Could you please repeat the entries below word for word, with the images left out?

=== Begin Enclosure ===

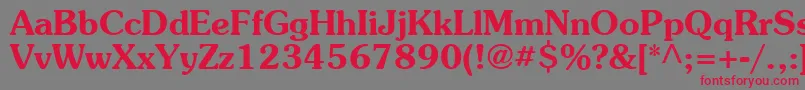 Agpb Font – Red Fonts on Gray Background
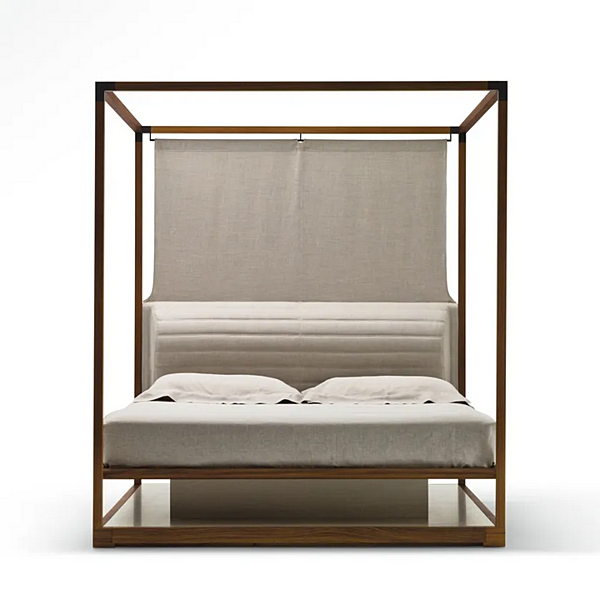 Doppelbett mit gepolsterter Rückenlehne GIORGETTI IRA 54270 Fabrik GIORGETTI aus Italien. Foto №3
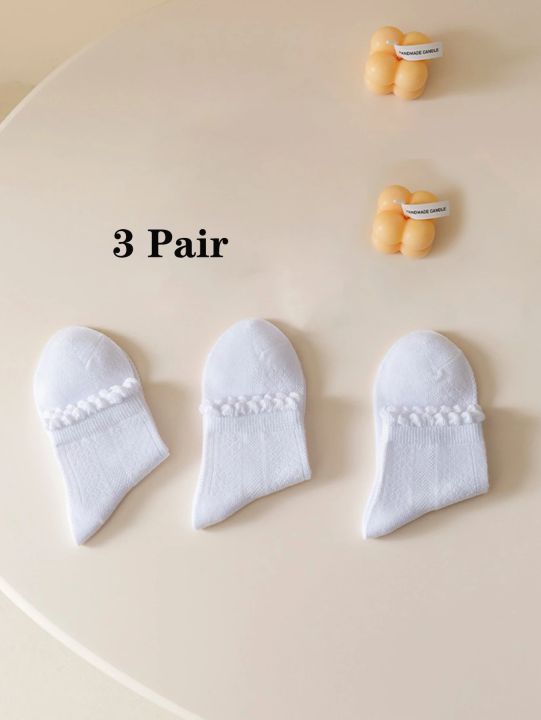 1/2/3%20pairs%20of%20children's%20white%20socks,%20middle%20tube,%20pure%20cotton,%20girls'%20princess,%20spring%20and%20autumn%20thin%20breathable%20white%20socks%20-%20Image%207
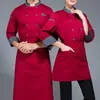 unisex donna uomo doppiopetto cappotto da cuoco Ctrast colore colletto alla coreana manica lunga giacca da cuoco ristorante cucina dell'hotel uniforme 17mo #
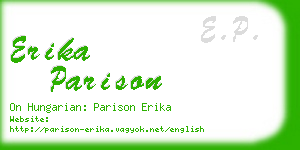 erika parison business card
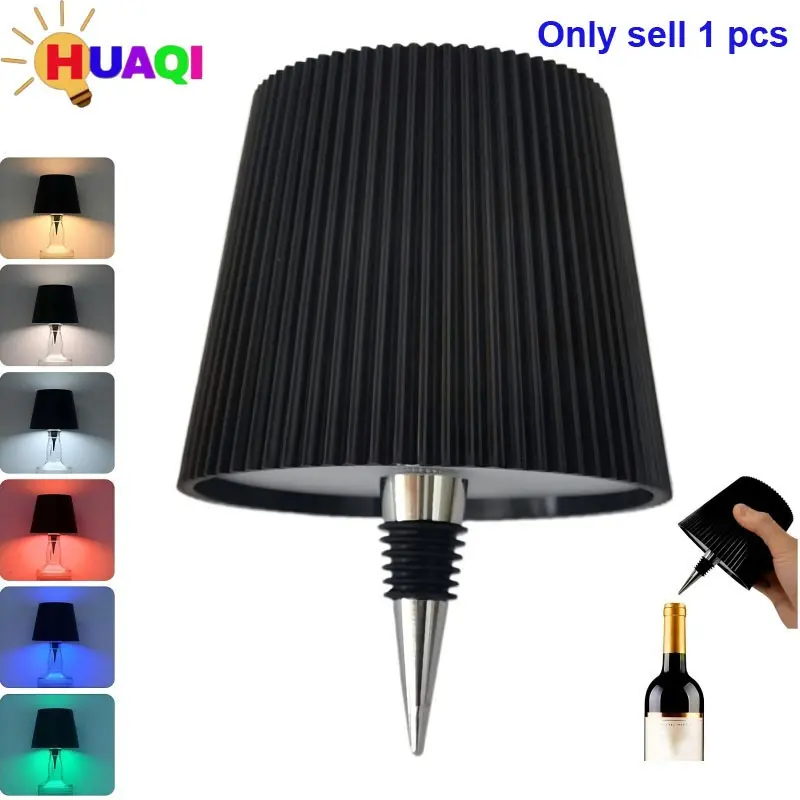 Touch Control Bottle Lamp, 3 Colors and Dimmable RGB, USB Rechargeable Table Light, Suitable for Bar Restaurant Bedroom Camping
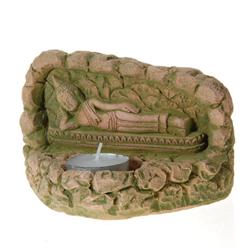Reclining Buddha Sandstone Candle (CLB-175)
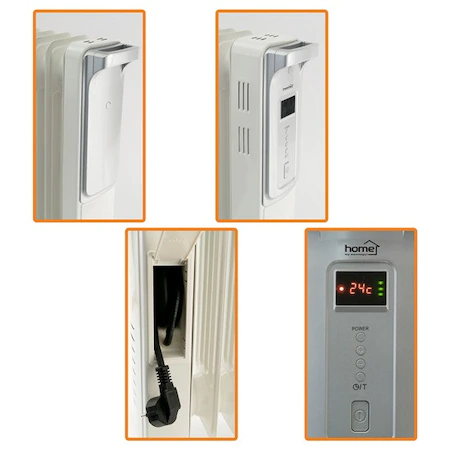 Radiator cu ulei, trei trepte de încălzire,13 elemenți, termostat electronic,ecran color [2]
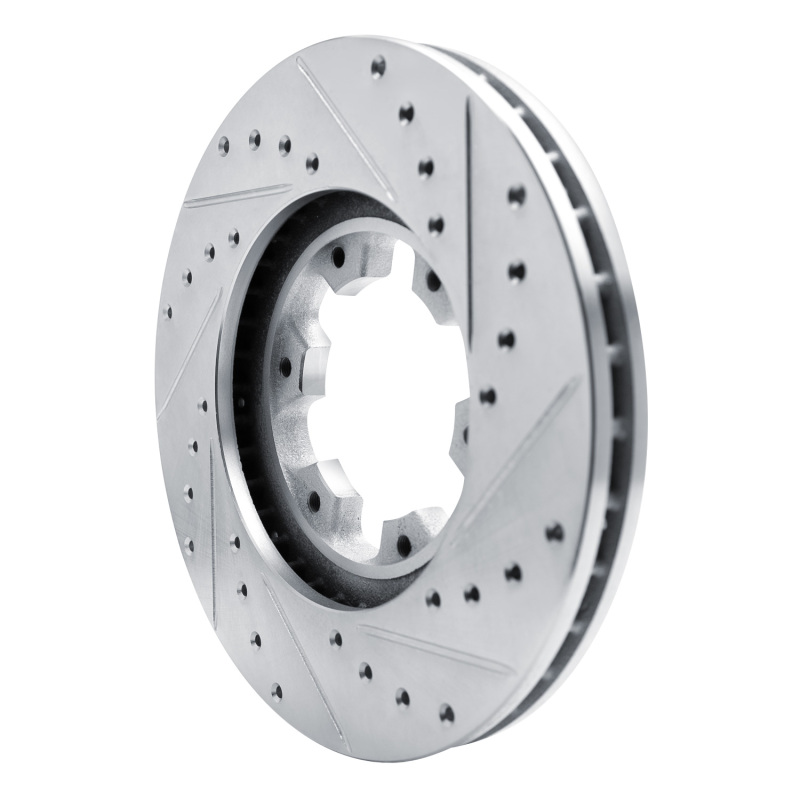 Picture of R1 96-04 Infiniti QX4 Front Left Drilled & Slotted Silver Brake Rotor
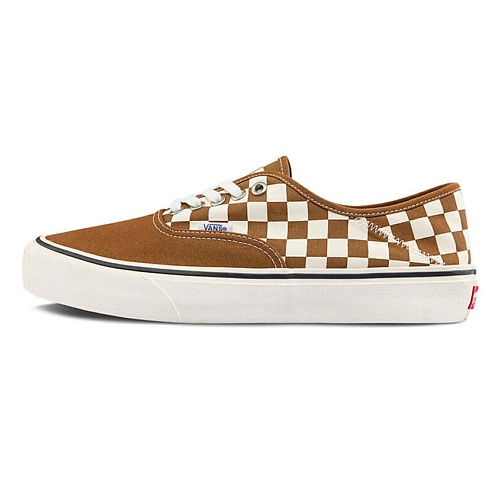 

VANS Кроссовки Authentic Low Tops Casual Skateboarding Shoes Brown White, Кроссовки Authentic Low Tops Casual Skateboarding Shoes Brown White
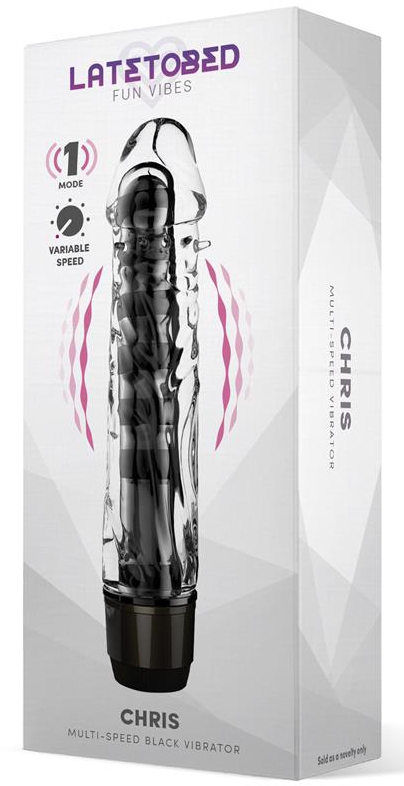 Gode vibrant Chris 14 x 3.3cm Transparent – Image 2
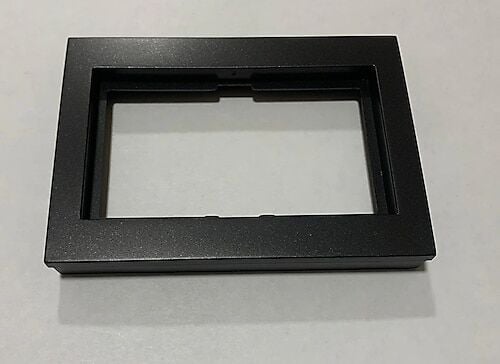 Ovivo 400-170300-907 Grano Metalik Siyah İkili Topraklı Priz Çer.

=== End Enclosure ===

→ **Exercise output**:
 Agpb Font – Red Fonts on Gray Background
 Doppelbett mit gepolsterter Rückenlehne GIORGETTI IRA 54270 Fabrik GIORGETTI aus Italien. Foto №3
 1/2/3%20pairs%20of%20children's%20white%20socks,%20middle%20tube,%20pure%20cotton,%20girls'%20princess,%20spring%20and%20autumn%20thin%20breathable%20white%20socks%20-%20Image%207
 unisex donna uomo doppiopetto cappotto da cuoco Ctrast colore colletto alla coreana manica lunga giacca da cuoco ristorante cucina dell'hotel uniforme 17mo #
 erika parison business card
 Touch Control Bottle Lamp, 3 Colors and Dimmable RGB, USB Rechargeable Table Light, Suitable for Bar Restaurant Bedroom Camping
Reclining Buddha Sandstone Candle (CLB-175)
 Radiator cu ulei, trei trepte de încălzire,13 elemenți, termostat electronic,ecran color [2]
 Picture of R1 96-04 Infiniti QX4 Front Left Drilled & Slotted Silver Brake Rotor

VANS Кроссовки Authentic Low Tops Casual Skateboarding Shoes Brown White, Кроссовки Authentic Low Tops Casual Skateboarding Shoes Brown White
 Gode vibrant Chris 14 x 3.3cm Transparent – Image 2
 Ovivo 400-170300-907 Grano Metalik Siyah İkili Topraklı Priz Çer.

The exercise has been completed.